Wouaou…
Caryl Férey, deuxième essai après
Zulu.
Zulu a été une grande claque! Que dire de
Mapuche?
Le problème quand j'ai aimé un livre est que j'ai envie d'être dithyrambique, d'en parler des pages entières pour en prolonger le plaisir… Erreur! L'oeuvre se suffit à elle-même. Trop en dire revient à noyer le génie de l'histoire.
Mapuche est un roman noir, terrible et sans concession exprimé au travers d'un thriller violent et haletant. Et
Mapuche est pourtant également un merveilleux cri d'amour.

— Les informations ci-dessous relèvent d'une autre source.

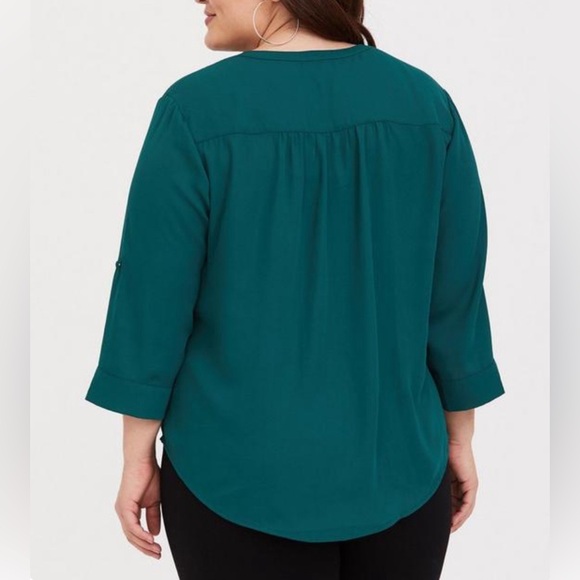 Torrid | Emerald Green Harper Georgette Button Front Popover Blouse | 4X - Picture 2 of 11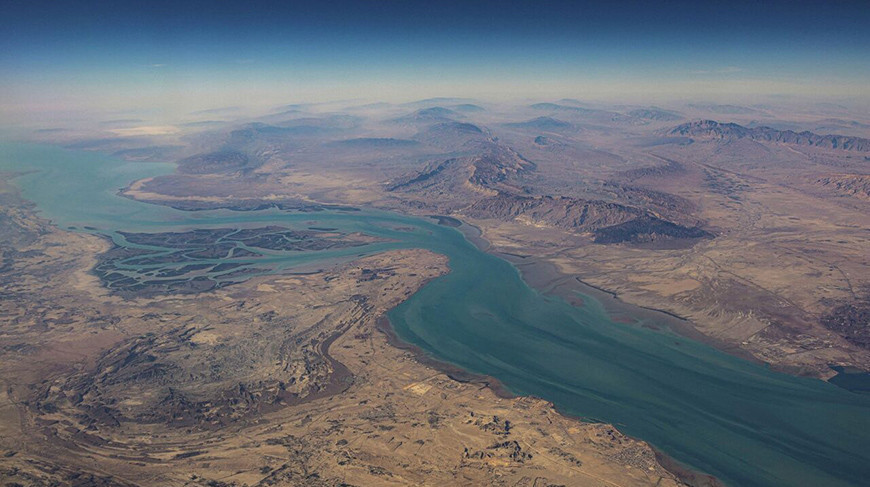 İran və Oman Hörmüz boğazından gəmilərin keçməsi üçün yeni bir rejim yaradacaqlar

Argentine. le meurtre de Luz, un travesti des bas-quartiers, ou plutôt des non-quartiers, tant le seuil n'est plus de pauvreté mais d'indigence. Ses amis, Jana, la
Mapuche, et Miguel "Paula" ne veulent pas que ce crime odieux reste noyé dans les eaux du port de la Boca.
Une photographe, Maria Victoria, fille d'un éminent homme d'affaires, disparaît. le détective Rubén Calderon, habituellement chargé d'enquêter les Abuelas, les grands-mères à la recherche des enfants volés de la dictature militaire de 1976, va pourtant se pencher sur ce cas.
Aucun rapport entre les deux? Ne soyez pas sceptiques…
Des pans entiers de l'histoire l'Argentine, dans ses heures les plus sombres et honteuses se dévoilent au fil de l'intrigue. Extrêmement bien documentés et habilement enchevêtrés dans le récit pour ne jamais donner l'impression de recevoir un cours magistral, pour ne jamais casser le rythme des rebondissements de l'enquête.
Le récit est dense et foisonnant d'émotions, les thèmes sont nombreux et toujours explorés précisément avec une sombre fluidité.
Chaque personnage est riche, fouillé, et se fait le porte-drapeau de chaque catégorie de la société argentine. le ton est juste, poignant, et donne même parfois l'impression de dépasser le style de roman pour embrasser celui du témoignage.
Le passé est vivant au présent, dans l'espoir de l'avenir.
Un seul bémol, à mon sens: l'histoire des indiens
Mapuche que je découvre à travers Jana, n'est peut-être pas assez développée… Mais cela tient peut-être à l'empathie ressentie pour cette femme révoltée, habitée des esprits des anciens…
Dans ce concentré de blessures à vif, un moment unique et fort: le passage de la lecture du Cahier triste. Hors du temps, j'oublie la fiction… chair de poule, horreur, peur, souffrance… et l'ineffable, l'indicible anéantissement… et les larmes qui débordent sans y être invitées… Une tristesse infinie qui s'échoue sur un poème, CE merveilleux poème d'amour. Bref, des pages d'émotions brutes qui transpercent assurément le coeur et l'esprit. Sublime…
Alors un grand merci à cet auteur!
Pour redonner vie à des événements historiques peu glorieux pour l'espèce humaine dite évoluée et moderne, et par trop inconnue ou méconnue sous notre latitude.
Pour cette découverte intime d'un peuple, de sa mentalité, de ses blessures, de ses combats.
Pour cette merveilleuse histoire d'amour aussi, entre deux êtres cassés mais que les hommes et la vie n'ont pu briser.
Pour ce vibrant hommage, également, aux civilisations et nations disparues par tout ce que l'âme humaine a de diabolique et sadique.
Une fantastique lecture, entre révoltes et émotions, noirceur et violences, dont je ne sors pas indemne. Et j'ai envie de conclure par cette phrase, parce que le combat pour la justice ne doit jamais cesser, la mémoire ne doit jamais s'effacer ou s'éteindre: "Leurs ennemis les appelaient les Araucan, ceux qui ont la rage."